Supplied records.
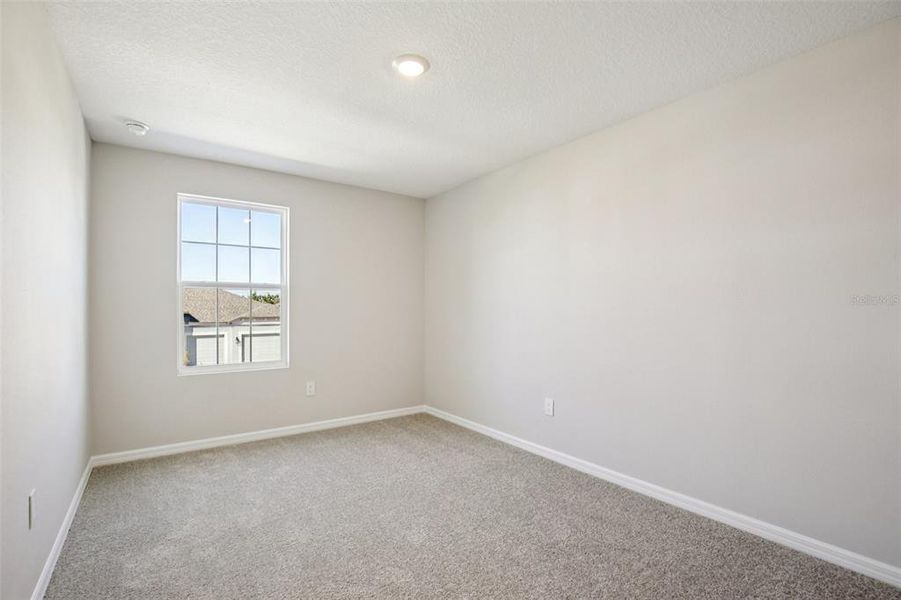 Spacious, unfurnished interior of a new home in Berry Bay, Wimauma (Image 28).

* * *

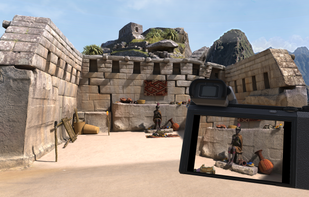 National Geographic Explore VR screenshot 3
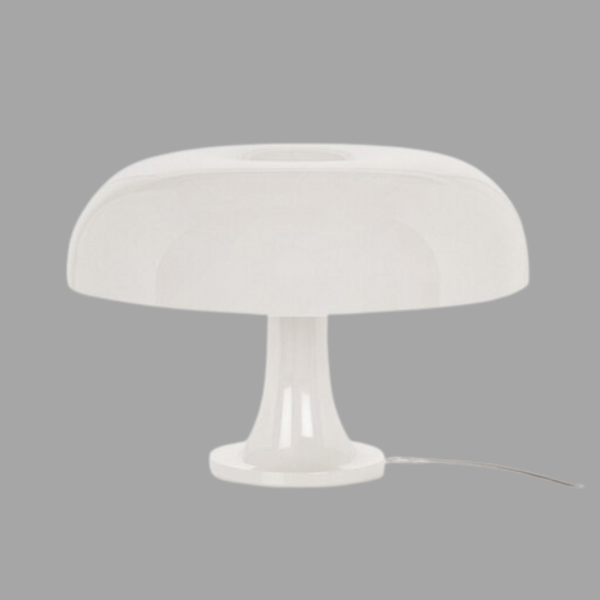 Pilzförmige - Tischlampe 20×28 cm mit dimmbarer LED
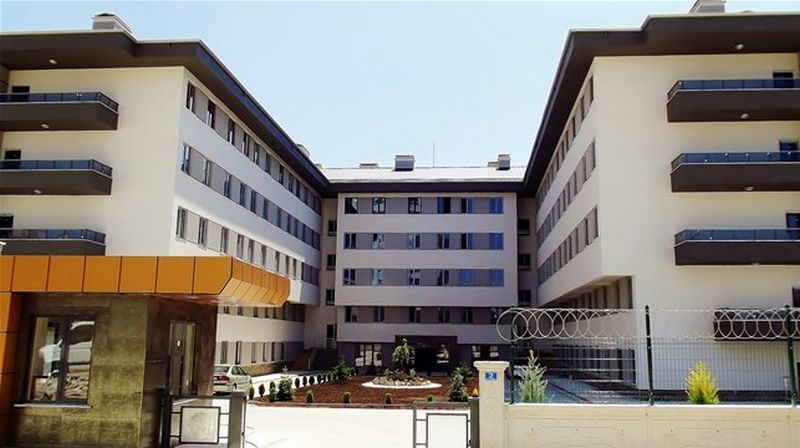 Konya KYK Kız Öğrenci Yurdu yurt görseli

* * *

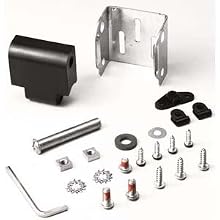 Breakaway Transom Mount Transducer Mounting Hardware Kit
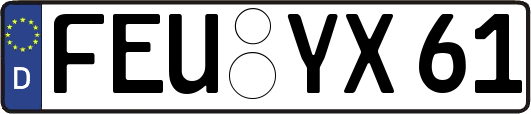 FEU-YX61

What the exercise asks. In the listing above, find the line holding "Pilzförmige - Tischlampe" and the line holding "Konya KYK Kız Öğrenci Yurdu yurt görseli". Reproduce those two lines and all between them exactly, leaving out pictures.

Answer to the problem.
 Pilzförmige - Tischlampe 20×28 cm mit dimmbarer LED
 Konya KYK Kız Öğrenci Yurdu yurt görseli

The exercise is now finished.